== YOUR TASK ==
Set down exactly the lines of the listing below, please, beginning with the first and ending with the line that holds "Tool & Supply".

▬▬▬

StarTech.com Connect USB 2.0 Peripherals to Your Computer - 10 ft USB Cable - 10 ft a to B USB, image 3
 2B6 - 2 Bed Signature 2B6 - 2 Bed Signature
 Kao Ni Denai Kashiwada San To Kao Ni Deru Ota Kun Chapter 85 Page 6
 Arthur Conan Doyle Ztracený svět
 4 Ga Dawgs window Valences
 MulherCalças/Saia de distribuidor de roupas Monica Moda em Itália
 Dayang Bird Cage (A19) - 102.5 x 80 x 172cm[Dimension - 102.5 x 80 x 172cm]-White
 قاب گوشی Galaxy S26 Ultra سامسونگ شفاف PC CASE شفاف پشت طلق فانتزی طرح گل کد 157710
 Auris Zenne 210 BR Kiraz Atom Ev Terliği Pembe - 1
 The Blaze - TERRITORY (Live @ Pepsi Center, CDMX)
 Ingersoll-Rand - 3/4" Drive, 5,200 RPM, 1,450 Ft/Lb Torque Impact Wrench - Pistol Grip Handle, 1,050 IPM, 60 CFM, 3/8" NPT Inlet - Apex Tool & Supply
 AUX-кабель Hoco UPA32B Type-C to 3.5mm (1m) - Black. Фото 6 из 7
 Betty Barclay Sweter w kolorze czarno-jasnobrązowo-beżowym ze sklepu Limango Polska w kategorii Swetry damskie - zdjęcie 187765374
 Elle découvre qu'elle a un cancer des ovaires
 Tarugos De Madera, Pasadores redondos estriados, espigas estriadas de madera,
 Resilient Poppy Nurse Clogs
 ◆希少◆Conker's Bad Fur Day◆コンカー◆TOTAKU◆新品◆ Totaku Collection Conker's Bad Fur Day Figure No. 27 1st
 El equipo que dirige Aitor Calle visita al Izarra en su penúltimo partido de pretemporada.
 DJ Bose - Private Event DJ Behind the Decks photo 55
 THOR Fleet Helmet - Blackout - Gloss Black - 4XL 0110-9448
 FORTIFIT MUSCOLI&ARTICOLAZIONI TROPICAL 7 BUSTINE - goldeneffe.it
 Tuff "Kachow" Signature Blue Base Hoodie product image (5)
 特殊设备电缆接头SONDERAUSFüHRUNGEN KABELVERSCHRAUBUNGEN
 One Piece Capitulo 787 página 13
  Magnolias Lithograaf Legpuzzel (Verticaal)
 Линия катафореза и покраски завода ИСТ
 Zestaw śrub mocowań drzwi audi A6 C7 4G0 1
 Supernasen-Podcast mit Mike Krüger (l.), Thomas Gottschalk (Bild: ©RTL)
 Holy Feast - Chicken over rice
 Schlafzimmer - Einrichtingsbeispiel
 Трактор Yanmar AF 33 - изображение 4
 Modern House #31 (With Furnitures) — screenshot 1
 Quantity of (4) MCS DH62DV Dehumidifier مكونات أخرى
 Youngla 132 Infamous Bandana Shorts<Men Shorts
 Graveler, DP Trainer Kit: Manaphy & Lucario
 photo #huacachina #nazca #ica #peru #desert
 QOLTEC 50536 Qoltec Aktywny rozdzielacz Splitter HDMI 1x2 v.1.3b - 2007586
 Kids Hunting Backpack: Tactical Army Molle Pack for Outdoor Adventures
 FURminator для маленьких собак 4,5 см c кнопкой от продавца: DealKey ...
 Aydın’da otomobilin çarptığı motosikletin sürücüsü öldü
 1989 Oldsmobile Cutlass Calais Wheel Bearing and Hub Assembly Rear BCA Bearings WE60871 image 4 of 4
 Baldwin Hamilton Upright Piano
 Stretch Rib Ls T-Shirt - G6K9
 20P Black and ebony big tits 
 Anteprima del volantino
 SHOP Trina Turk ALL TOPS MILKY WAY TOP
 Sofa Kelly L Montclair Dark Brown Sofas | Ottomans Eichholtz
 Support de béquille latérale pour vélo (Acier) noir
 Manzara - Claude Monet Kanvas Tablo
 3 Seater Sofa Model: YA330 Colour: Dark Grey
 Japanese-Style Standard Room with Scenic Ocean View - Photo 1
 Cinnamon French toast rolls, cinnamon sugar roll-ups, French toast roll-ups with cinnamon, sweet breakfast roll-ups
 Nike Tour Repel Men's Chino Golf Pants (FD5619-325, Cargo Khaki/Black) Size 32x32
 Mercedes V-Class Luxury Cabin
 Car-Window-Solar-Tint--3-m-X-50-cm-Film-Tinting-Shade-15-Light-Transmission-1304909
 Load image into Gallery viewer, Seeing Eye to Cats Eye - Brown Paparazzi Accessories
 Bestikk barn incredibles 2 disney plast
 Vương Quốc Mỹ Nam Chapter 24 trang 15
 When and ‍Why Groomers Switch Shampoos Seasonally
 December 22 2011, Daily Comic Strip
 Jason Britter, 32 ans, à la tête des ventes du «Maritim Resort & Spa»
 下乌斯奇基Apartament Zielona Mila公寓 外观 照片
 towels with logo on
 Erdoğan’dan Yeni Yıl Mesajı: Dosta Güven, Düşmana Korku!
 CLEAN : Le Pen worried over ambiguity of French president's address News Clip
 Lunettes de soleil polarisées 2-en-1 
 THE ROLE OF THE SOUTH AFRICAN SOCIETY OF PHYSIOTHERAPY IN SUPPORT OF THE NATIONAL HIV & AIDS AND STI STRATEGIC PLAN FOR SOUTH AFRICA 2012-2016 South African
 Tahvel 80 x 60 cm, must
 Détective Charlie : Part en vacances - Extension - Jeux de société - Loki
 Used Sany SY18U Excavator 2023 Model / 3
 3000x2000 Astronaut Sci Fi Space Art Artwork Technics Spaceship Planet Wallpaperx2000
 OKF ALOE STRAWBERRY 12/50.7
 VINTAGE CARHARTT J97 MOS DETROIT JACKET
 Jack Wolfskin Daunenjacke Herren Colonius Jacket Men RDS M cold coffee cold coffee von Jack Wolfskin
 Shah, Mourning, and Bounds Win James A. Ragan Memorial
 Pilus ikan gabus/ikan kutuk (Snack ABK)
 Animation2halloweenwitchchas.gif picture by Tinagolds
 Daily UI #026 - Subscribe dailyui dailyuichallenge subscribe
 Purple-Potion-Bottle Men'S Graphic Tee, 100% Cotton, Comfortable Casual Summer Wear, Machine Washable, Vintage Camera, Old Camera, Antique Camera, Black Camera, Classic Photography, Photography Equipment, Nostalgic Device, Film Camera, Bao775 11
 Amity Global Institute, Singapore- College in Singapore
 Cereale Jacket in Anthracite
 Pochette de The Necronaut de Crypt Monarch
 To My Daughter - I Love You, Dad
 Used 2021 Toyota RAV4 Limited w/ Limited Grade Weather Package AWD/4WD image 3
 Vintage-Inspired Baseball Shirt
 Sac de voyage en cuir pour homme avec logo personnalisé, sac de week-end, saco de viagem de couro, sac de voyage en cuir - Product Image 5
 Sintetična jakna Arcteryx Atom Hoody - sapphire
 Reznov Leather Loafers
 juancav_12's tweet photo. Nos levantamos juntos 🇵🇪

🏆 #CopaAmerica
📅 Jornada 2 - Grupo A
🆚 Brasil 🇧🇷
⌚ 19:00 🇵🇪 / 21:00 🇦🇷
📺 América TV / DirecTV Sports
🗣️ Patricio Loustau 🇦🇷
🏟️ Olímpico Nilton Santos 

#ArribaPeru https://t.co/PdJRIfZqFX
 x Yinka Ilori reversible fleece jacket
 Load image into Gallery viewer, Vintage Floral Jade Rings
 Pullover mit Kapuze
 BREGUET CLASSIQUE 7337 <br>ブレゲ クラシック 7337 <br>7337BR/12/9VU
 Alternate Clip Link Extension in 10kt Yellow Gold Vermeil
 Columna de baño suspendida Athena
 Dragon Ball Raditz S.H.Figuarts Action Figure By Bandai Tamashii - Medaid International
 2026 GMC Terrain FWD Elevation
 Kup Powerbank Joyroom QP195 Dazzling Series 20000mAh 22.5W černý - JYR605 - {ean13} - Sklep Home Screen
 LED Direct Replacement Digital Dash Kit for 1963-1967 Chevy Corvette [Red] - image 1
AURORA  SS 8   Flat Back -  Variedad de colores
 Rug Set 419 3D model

▬▬▬

== RESULT ==
StarTech.com Connect USB 2.0 Peripherals to Your Computer - 10 ft USB Cable - 10 ft a to B USB, image 3
 2B6 - 2 Bed Signature 2B6 - 2 Bed Signature
 Kao Ni Denai Kashiwada San To Kao Ni Deru Ota Kun Chapter 85 Page 6
 Arthur Conan Doyle Ztracený svět
 4 Ga Dawgs window Valences
 MulherCalças/Saia de distribuidor de roupas Monica Moda em Itália
 Dayang Bird Cage (A19) - 102.5 x 80 x 172cm[Dimension - 102.5 x 80 x 172cm]-White
 قاب گوشی Galaxy S26 Ultra سامسونگ شفاف PC CASE شفاف پشت طلق فانتزی طرح گل کد 157710
 Auris Zenne 210 BR Kiraz Atom Ev Terliği Pembe - 1
 The Blaze - TERRITORY (Live @ Pepsi Center, CDMX)
 Ingersoll-Rand - 3/4" Drive, 5,200 RPM, 1,450 Ft/Lb Torque Impact Wrench - Pistol Grip Handle, 1,050 IPM, 60 CFM, 3/8" NPT Inlet - Apex Tool & Supply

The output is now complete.